#### [WHAT YOU ARE ASKED TO DO]
Reproduce the listing below from the line with "Prace ekshumacyjne w" to the line with "Televisión, reproductor de DVD y libros", both lines included, character for character, minus any pictures.

#### [THE RECORDS]
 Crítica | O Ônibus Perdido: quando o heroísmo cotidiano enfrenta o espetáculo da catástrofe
==
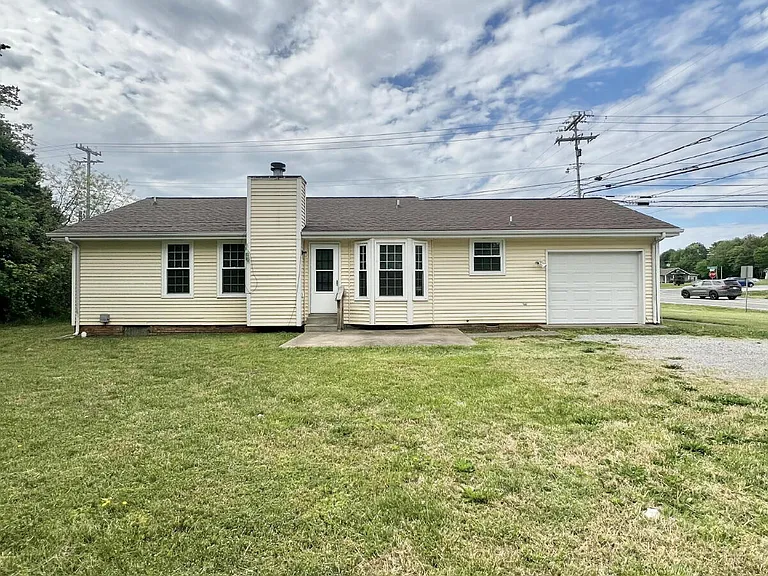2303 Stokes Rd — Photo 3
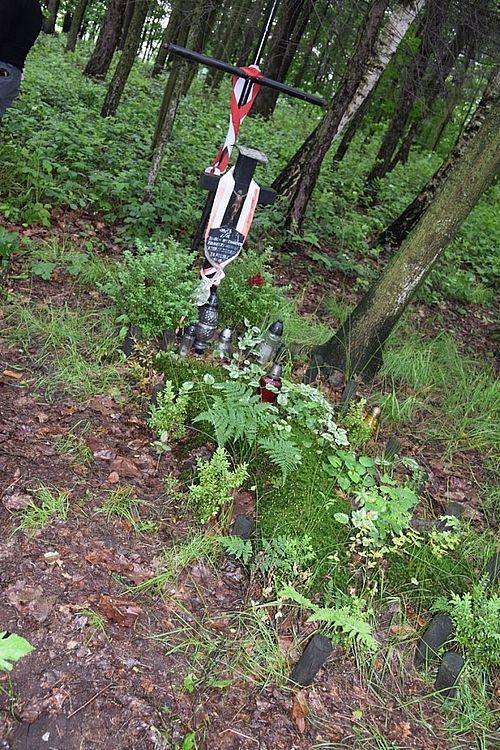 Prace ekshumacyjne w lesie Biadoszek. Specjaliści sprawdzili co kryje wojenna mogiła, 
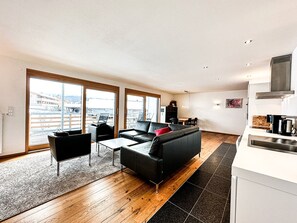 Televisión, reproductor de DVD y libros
==
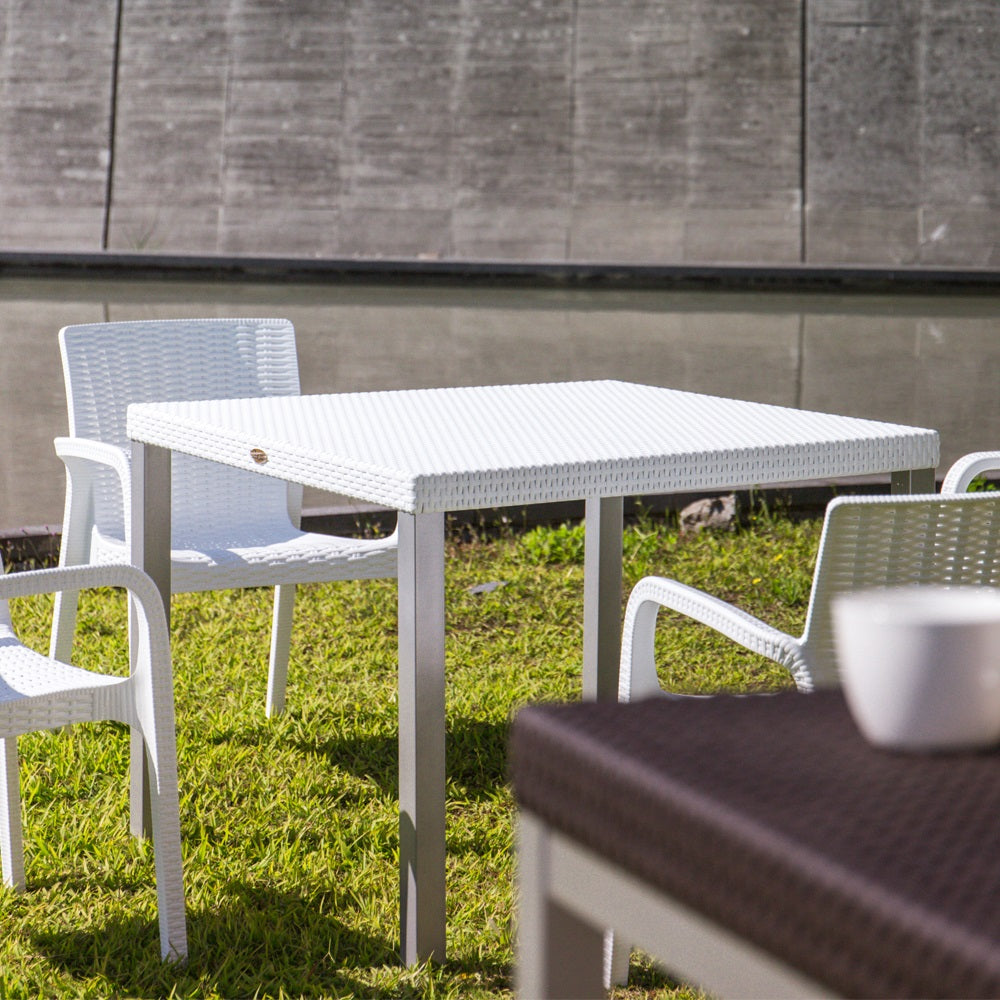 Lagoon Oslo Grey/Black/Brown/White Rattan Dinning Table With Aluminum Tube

#### [YOUR RESPONSE]
 Prace ekshumacyjne w lesie Biadoszek. Specjaliści sprawdzili co kryje wojenna mogiła, 
 Televisión, reproductor de DVD y libros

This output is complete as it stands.